Dans cette session, je mentionne le grand metteur en scène Constantin Stanislavski qui a eu une influence primordiale sur l’évolution du théâtre et du jeu dramatique puisqu’il a inspiré l’Actor’s Studio, pépinière de talents du cinéma nord-américain. Si je vous cite Marlon Brando, James Dean, Elizabeth Taylor, Marylin Monroe ou plus récemment Tom Hanks, Sean Penn, Nicole Kidman ?

Constantin Stanislavski

Stanislavski a été d’abord un immense metteur en scène, en particulier dans son travail de représentation des pièces de Tchékov, mais également l’auteur de plusieurs ouvrages incontournables sur la formation du comédien et le jeu de l’acteur : la formation de l’acteur, la construction du personnage, ma vie dans l’art…

J’ai eu la chance de découvrir son œuvre dès mon premier cours de théâtre et son exigence m’a profondément marqué.

Super objectif et objectif de la scène

Dans la formation de l’acteur (1936), il insiste sur l’importance de définir un superobjectif pour la pièce, ce que nous appelons communément en agilité la vision  :

Le courant des objectifs mineurs indépendants, toutes les inventions, les pensées, les sentiments et les actions de l’acteur doivent converger vers le superobjectif de la pièce. Le lien commun entre eux doit être si fort que même le détail le plus insignifiant, s’il se trouve sans rapport avec le superobjectif, paraîtra faux ou inutile.

Le metteur en scène détermine le superobjectif « Qu’est-ce que je veux que les spectateurs aient retenu de la pièce à la fin de la présentation? ». Ce superobjectif s’atteint au travers de la définition d’objectifs pour chaque scène ou segment de l’œuvre. Chaque acteur examine à son tour son ou ses objectifs de personnage en vérifiant leur cohérence (alignement ?) avec le superobjectif de la pièce.
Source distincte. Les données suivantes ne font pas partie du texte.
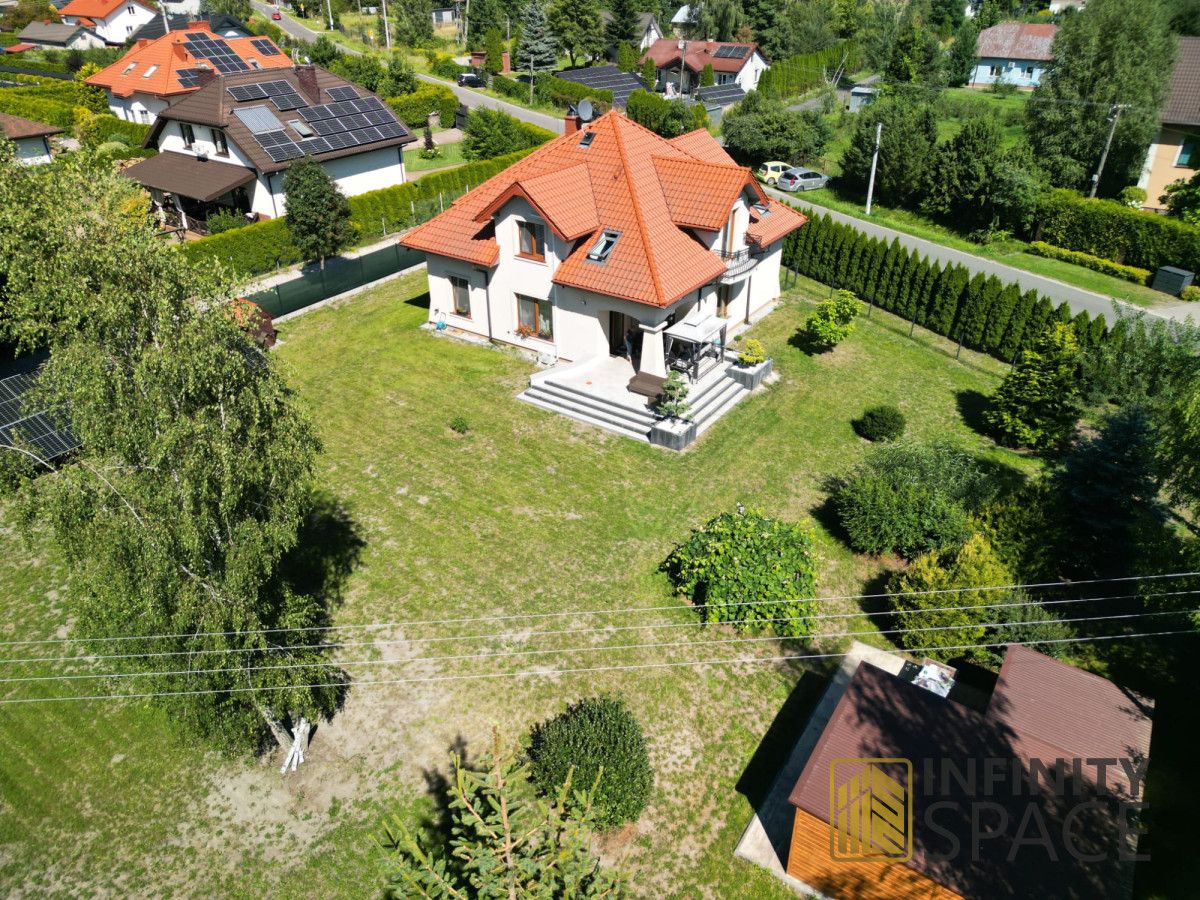 dom wolnostojący, 5 pokoi Budy-Grzybek, ul. Księdza Baranowskiego. Zdjęcie 10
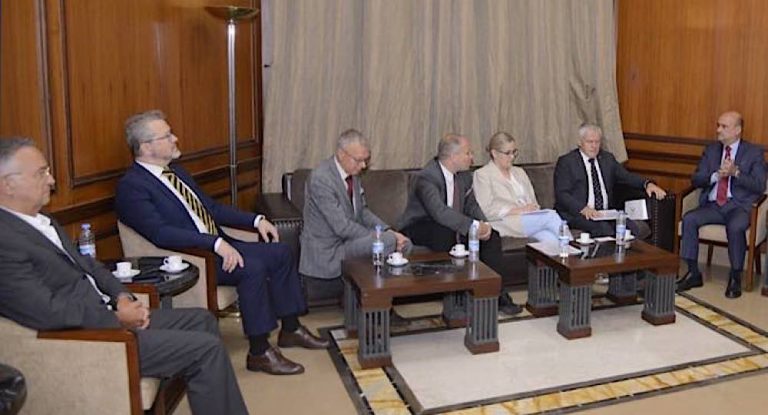 ابي رميا يلتقي وفدا برلمانيا من ليتوانيا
Le grand metteur en scène explique que si le but n’est pas atteint, c’est que l’objectif n’était pas suffisamment concret.

Je cite un extrait de l’excellent site les mots du théâtre où Mario Dragunsky présente un glossaire remarquable des termes importants de cet art :

« Si on parle d’objectif pour une scène, 
on peut parler de but pour l’ensemble de l’acte et, comme Stanislavsky, de super-objectif en parlant de l’ensemble de la pièce. Là encore il est très important de trouver les bonnes définitions. 
Il faut ajouter que ces définitions sont un « work in progress » et qu’elles peuvent, par conséquent, 
évoluer en cours des répétitions. »

Un écho étonnant

Je ne résiste pas au plaisir de vous proposer quelques phrases supplémentaires du grand Product Owner Stanislavski sur la définition d’objectif,  :

 S’il n’a pour origine que des intentions superficielles et théâtrales, il ne donnera qu’une direction à peine correcte à la pièce. S’il est vraiment humain et orienté  vers la réalisation de l’objet essentiel de la pièce, il sera comme l’artère centrale qui apporte vie et substance à la pièce et aux acteurs. Plus l’œuvre est profonde, plus le super-objectif sera puissant.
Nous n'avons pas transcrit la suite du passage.